Author: Hana Pangestu
Nikki mengangkat kepala, memandang ke arah ruang rawat. Melihat tak ada anggota keluarga perempuan di dalam, dia tahu tak sepatutnya masuk. Jadi, dia hanya mengepalkan bibirnya dan menunggu dengan tenang di luar.

Tiba-tiba, terdengar suara sepatu hak tinggi yang tergesa-gesa dari belakang. Sekilas pandang saja, Nikki langsung tahu siapa yang datang. Mengingat rasa tidak nyaman yang ditimbulkan Shireen semalam, Nikki tak menyapanya.

Tentu saja, wanita itu juga berpura-pura tak melihat dirinya.

"Ibu, gimana kondisi Kakek? Aku baru saja dapat kabar dan langsung bergegas dari studio," ucap Shireen dengan cemas sambil berdiri di sisi Indah.

Indah menatap putri angkatnya sambil tersenyum ramah dan menghibur, "Kondisi Kakek untuk sementara sudah stabil, tapi keadaannya memang nggak baik. Dokter sedang berdiskusi dengan ayahmu dan yang lainnya tentang rencana pengobatan."

Shireen tampil anggun dalam pakaian yang dibuat secara khusus untuknya. Riasannya sempurna, rambut tertata rapi. Seluruh sosoknya memancarkan aura wanita sosialita kalangan atas.

Para anggota Keluarga Nafiz yang melihatnya pun mengangguk untuk menyapa. Shireen membalas dengan senyuman tipis.

Begitu Indah selesai berbicara, ekspresi Shireen semakin khawatir. "Aku mau lihat Kakek."

"Eh ...." Indah berusaha menahan, tetapi terlambat. Shireen sudah membuka pintu dan masuk ke ruang rawat.

Di atas ranjang, Iskak yang telah lama sakit terlihat semakin kurus dan lemah. Begitu melihat ada wanita yang masuk, dia mengira itu Nikki dan langsung menoleh. Namun, yang datang adalah Shireen.

"Kakek, gimana keadaanmu? Sudah merasa lebih baik belum?" Shireen menggenggam tangan Iskak. Air mata langsung mengalir, suaranya tercekat.

Ralph ikut memandang ke arah wanita itu. Saat tatapan mereka bertemu, ada makna terselubung di dalamnya.

Iskak mengangguk dan menyahut dengan suara lemah, "Aku nggak apa-apa. Kalian jangan khawatir."

Ralph melihat Shireen menangis, jadi mengambil tisu dari nakas dan menyerahkannya. Shireen menerimanya. "Terima kasih, Kak Ralph."

Iskak melirik cucu kesayangannya dan mengangkat tangannya. "Ralph ...."

"Kakek, aku di sini," sahut Ralph segera. Dia menunduk dan menggenggam tangan tua yang lemah itu.

"Nikki ... sudah datang?"

Ekspresi Shireen seketika berubah. Dia menggigit bibirnya. Ternyata Iskak masih memikirkan si buruk rupa itu.

"Sudah datang, dia di luar," jawab Ralph.

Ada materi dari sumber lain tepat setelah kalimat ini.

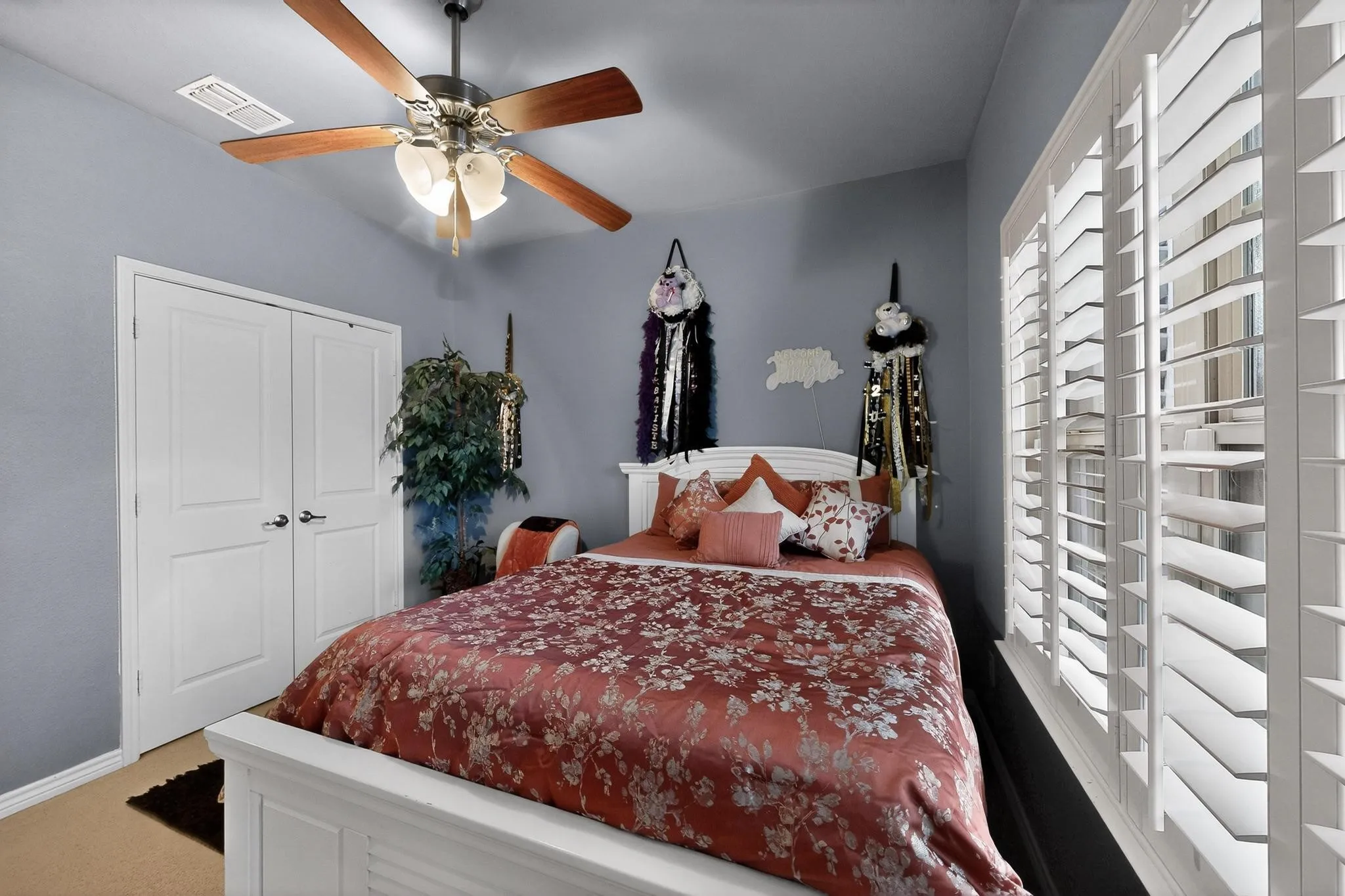 Single Family Residence For Sale in Hunt County , 3020 Glenoaks Drive, Royse City, Texas 75189, 3 Bedrooms, 3 Bathrooms, 3 Garage spaces, 2,534 Sqft, built in 2009, Preowned, Price $455,000, mls#21138522, Real Estate Agent in Royse City, Homes For Sale in Hunt county, Homes For Sale in Royse City, Realtor in Royse City Texas, Real Estate Brokerage Independent Realty Texas, Luminita Cordes Realtor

"Panggil dia masuk, ada yang ingin kubicarakan ...."

"Baik."

Ralph meletakkan tangan kakeknya kembali ke selimut, lalu berbalik dan keluar.

Melihat putranya keluar, Indah pun terkejut. "Ralph, kenapa kamu ...."

Sebelum kalimatnya, dia melihat Ralph menatap Nikki sambil mengangguk ringan. "Masuk, Kakek mencarimu."

Nikki terpaku dan menunjuk dirinya sendiri. "Aku?"

Wajah Ralph langsung menjadi suram, seolah-olah sebal dengan kebodohan Nikki. Melihat wajah suaminya yang serius, Nikki yakin dia tak salah dengar dan buru-buru melangkah maju.

Ralph tiba-tiba menggenggam tangannya, membuat Nikki tersentak. Namun, sebelum dia sempat memahami tindakan itu, mereka sudah tiba di sisi ranjang.

"Kakek, Nikki sudah datang."

Melihat cucu menantunya, wajah Iskak melembut dan tersenyum tipis. "Nak, kamu pasti capek ya. Mengurus dua anak, tidur pun nggak nyenyak .... Lihat, kamu makin kurus."

Mendengar itu, Nikki langsung teringat mendiang kakeknya sendiri yang meninggal dalam kondisi serupa. Air mata pun mengalir sebelum sempat berkata apa-apa.

Shireen yang berdiri di sisi lain ranjang merasa risih melihat Nikki menangis tanpa berbicara sedikit pun. Dia mengernyit sambil menegur, "Kakek bicara sama kamu, kamu malah nangis. Kakek 'kan masih sehat-sehat."

Nikki tak menanggapi, bahkan tak melirik ke arahnya. Dia segera menyeka air matanya dan tersenyum. "Kakek, aku nggak capek. Di rumah ada pengasuh dan pembantu. Anak-anakku juga nggak rewel. Kerjaan mereka cuma makan, tidur, dan main. Aku sama sekali nggak capek ...."

Iskak tertawa. "Anak bodoh, mana ada ibu yang nggak capek."

Setelah itu, tatapannya beralih pada Ralph. Nada suaranya berubah tegas. "Ralph, kamu adalah suami, juga ayah. Tanggung jawabmu besar. Kalau kamu lalai, itu artinya kamu mengecewakan leluhur keluarga kita."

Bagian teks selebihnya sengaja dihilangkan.